== Records for this task

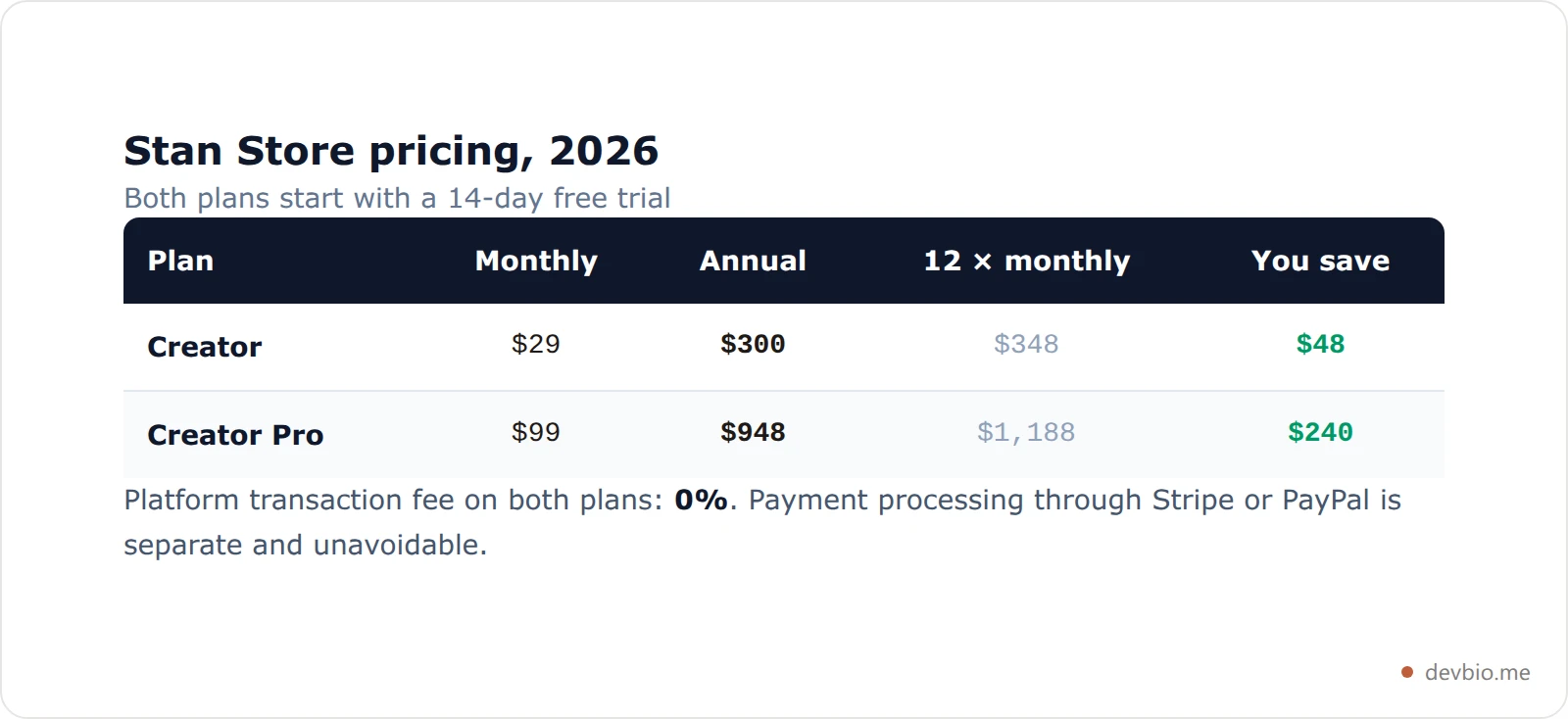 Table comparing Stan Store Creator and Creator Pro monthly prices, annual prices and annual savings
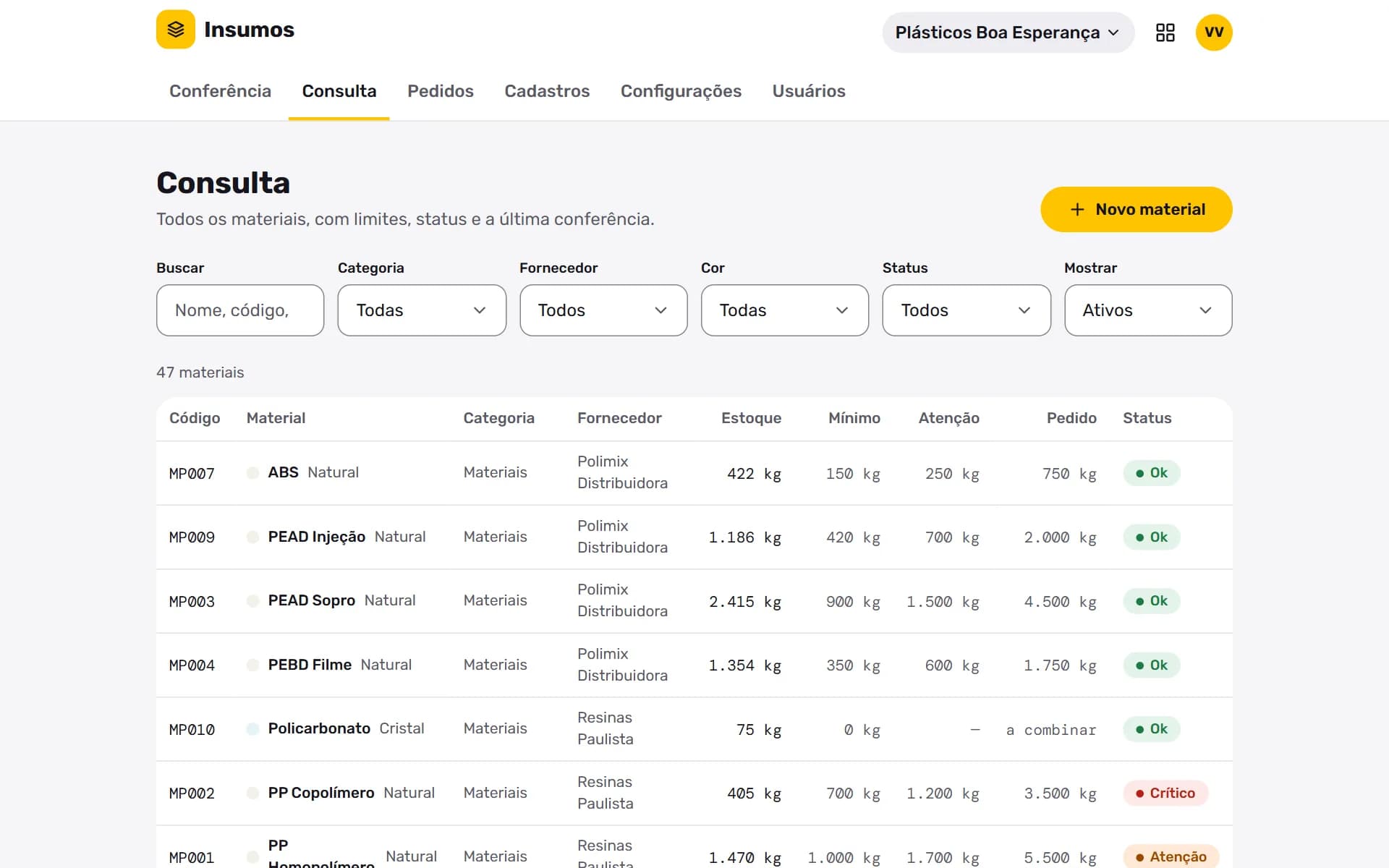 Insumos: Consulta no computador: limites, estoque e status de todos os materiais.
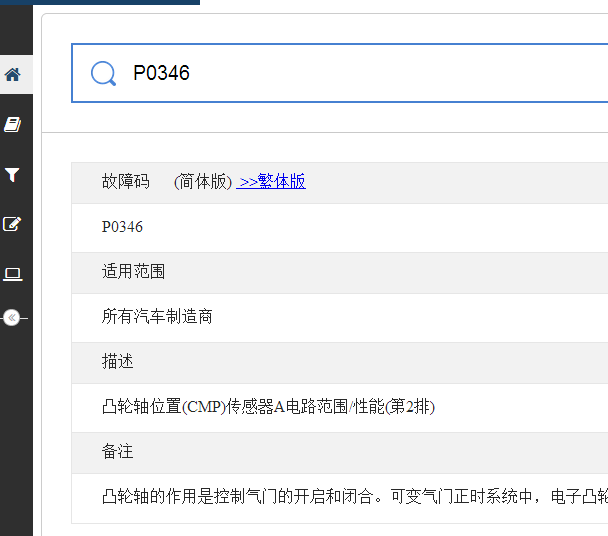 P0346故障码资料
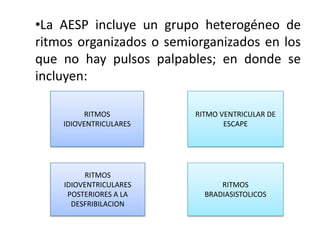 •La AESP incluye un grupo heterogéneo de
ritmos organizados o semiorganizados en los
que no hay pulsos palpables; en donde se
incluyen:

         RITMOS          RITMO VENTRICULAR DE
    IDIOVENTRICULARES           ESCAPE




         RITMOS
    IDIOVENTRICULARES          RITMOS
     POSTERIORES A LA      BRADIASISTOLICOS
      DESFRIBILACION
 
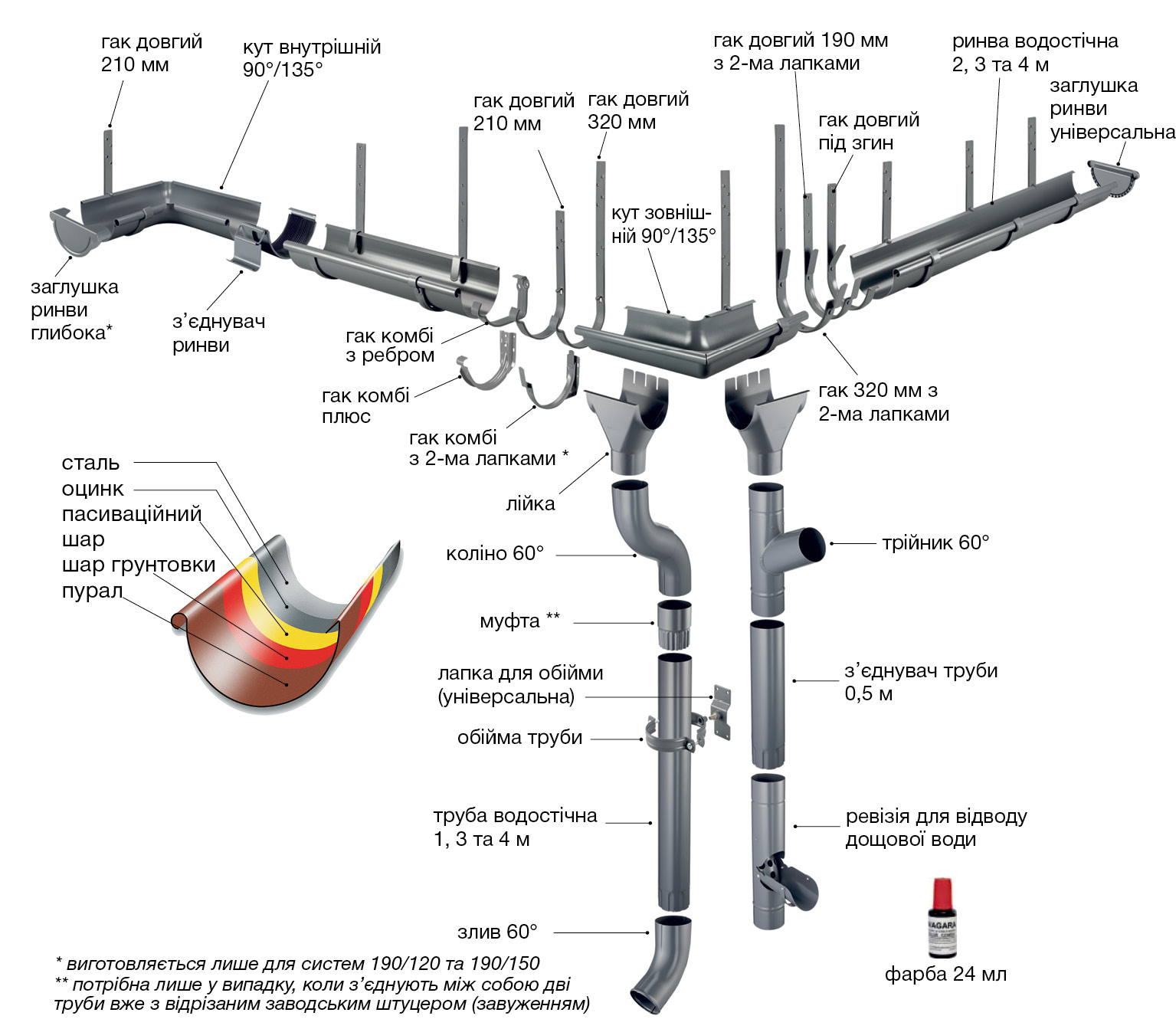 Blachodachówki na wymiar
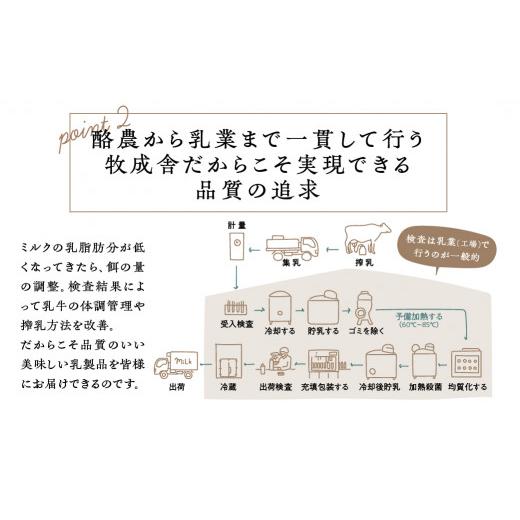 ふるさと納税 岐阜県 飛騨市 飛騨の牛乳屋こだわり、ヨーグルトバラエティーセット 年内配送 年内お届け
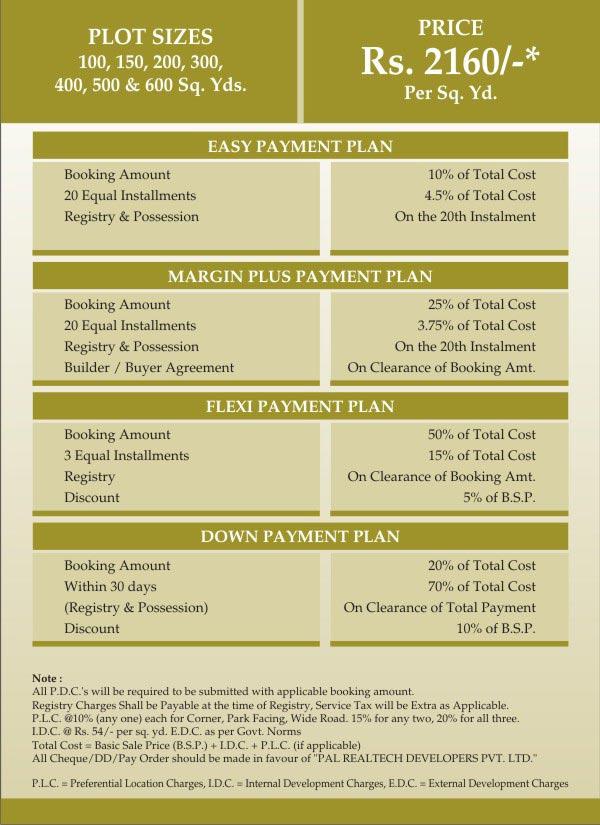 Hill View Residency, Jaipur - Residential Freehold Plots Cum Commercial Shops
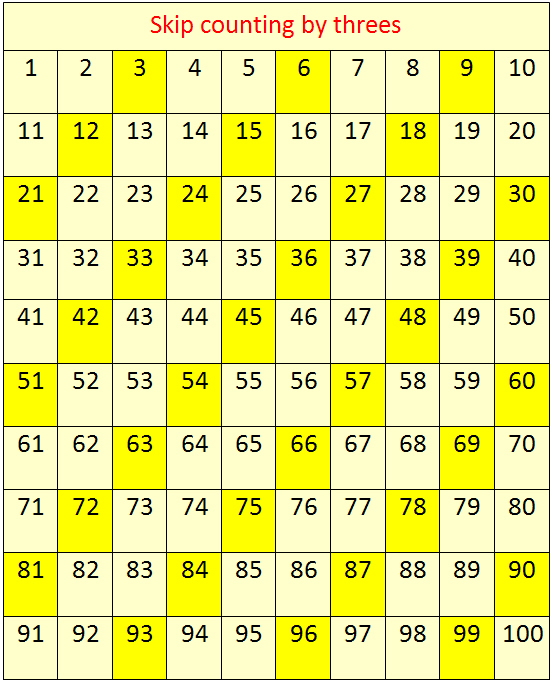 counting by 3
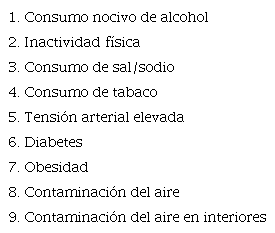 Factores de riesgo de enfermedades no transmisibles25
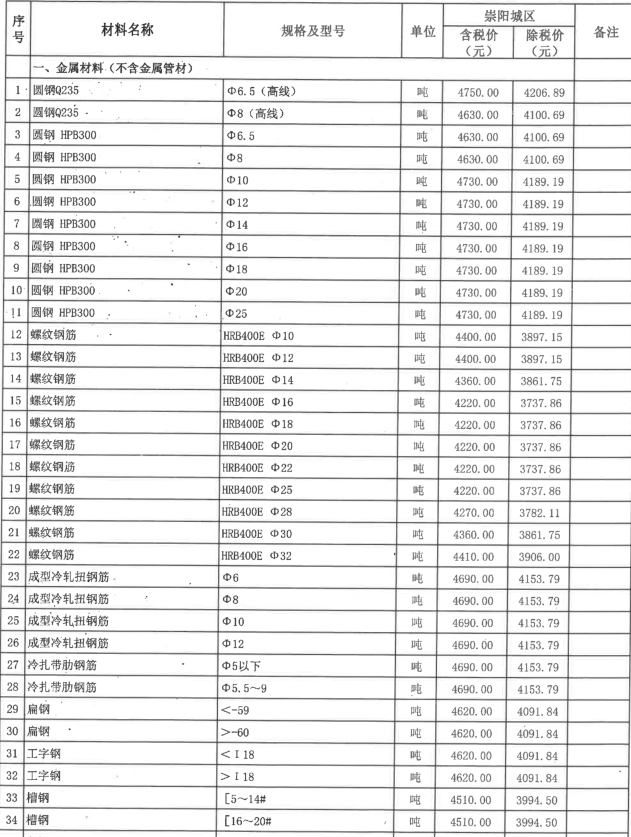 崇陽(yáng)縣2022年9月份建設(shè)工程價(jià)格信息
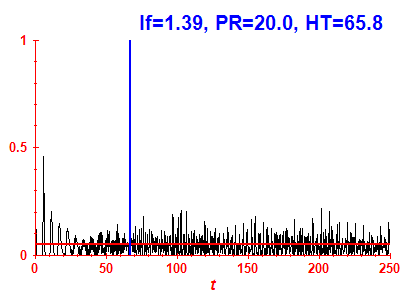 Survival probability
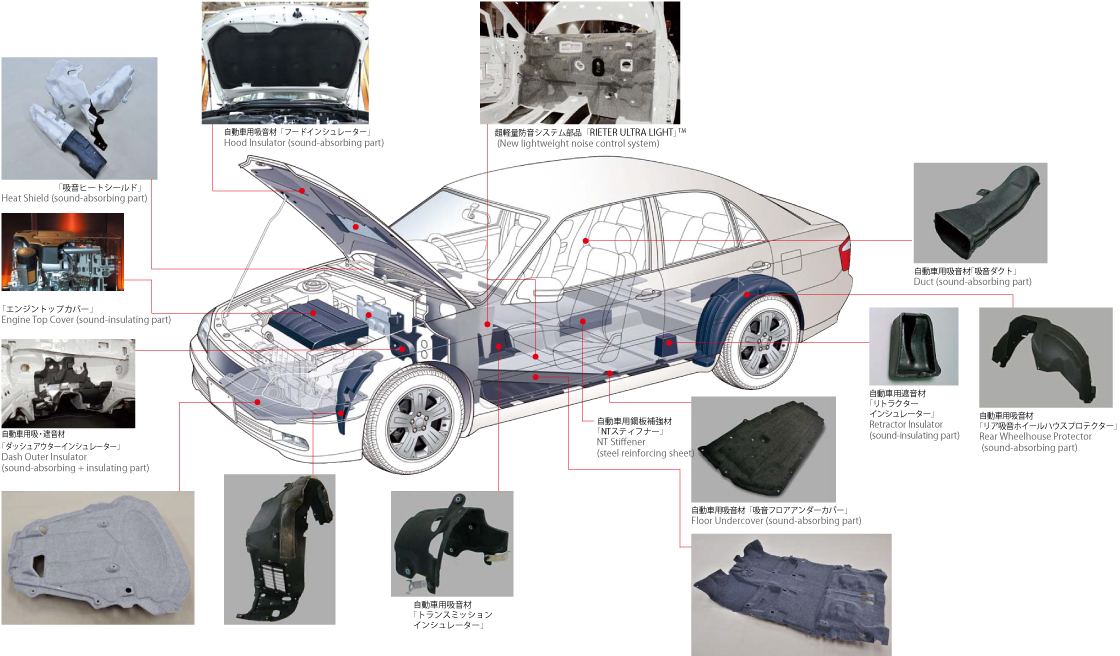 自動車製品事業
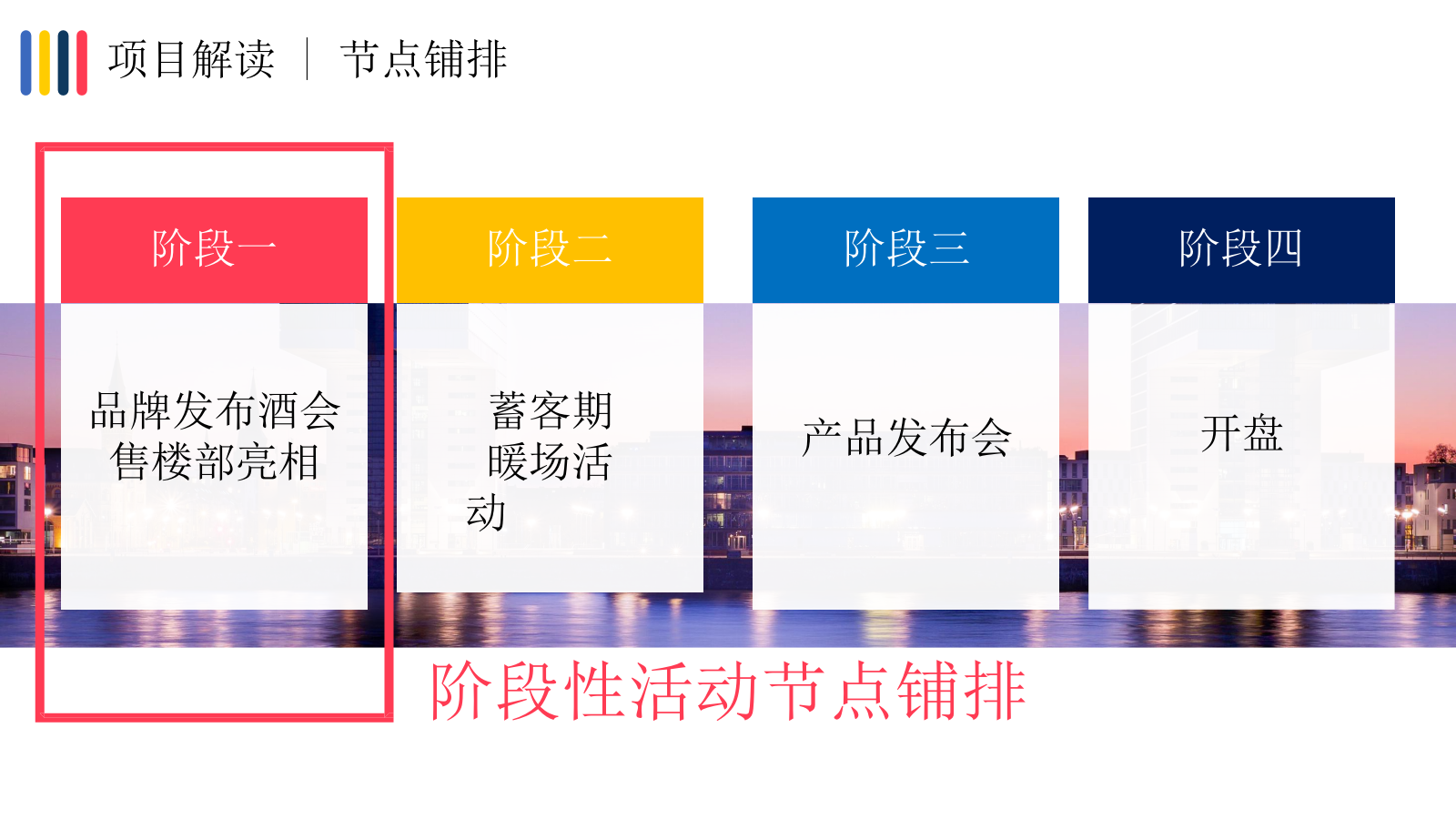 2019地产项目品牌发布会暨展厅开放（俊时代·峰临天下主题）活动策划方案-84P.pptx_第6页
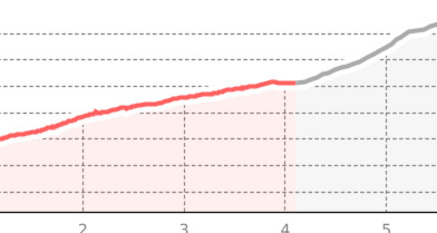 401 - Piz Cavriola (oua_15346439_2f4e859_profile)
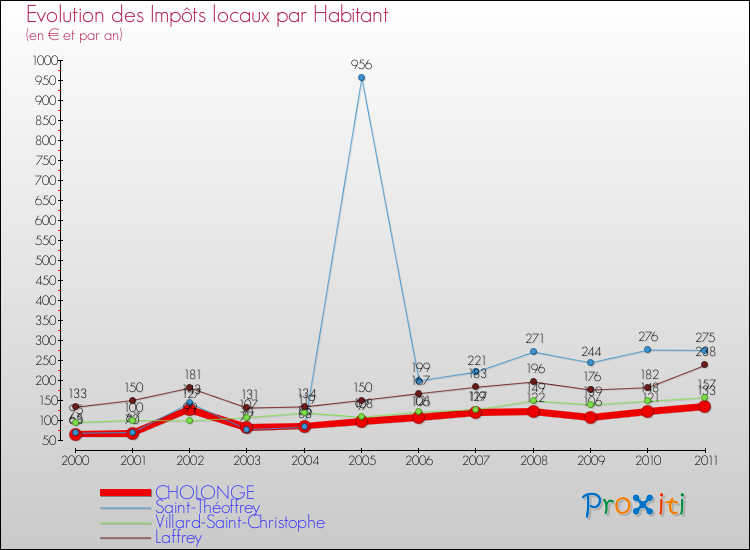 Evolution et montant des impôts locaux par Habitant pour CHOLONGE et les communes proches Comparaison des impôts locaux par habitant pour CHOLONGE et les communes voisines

====

Your goal: Copy every line above exactly, leaving no picture in the copy.

Response for this exercise:
 Table comparing Stan Store Creator and Creator Pro monthly prices, annual prices and annual savings
 Insumos: Consulta no computador: limites, estoque e status de todos os materiais.
 P0346故障码资料
 •La AESP incluye un grupo heterogéneo de
ritmos organizados o semiorganizados en los
que no hay pulsos palpables; en donde se
incluyen:

         RITMOS          RITMO VENTRICULAR DE
    IDIOVENTRICULARES           ESCAPE




         RITMOS
    IDIOVENTRICULARES          RITMOS
     POSTERIORES A LA      BRADIASISTOLICOS
      DESFRIBILACION
 
 Blachodachówki na wymiar
 ふるさと納税 岐阜県 飛騨市 飛騨の牛乳屋こだわり、ヨーグルトバラエティーセット 年内配送 年内お届け
 Hill View Residency, Jaipur - Residential Freehold Plots Cum Commercial Shops
 counting by 3
 Factores de riesgo de enfermedades no transmisibles25
 崇陽(yáng)縣2022年9月份建設(shè)工程價(jià)格信息
 Survival probability
 自動車製品事業
 2019地产项目品牌发布会暨展厅开放（俊时代·峰临天下主题）活动策划方案-84P.pptx_第6页
 401 - Piz Cavriola (oua_15346439_2f4e859_profile)
 Evolution et montant des impôts locaux par Habitant pour CHOLONGE et les communes proches Comparaison des impôts locaux par habitant pour CHOLONGE et les communes voisines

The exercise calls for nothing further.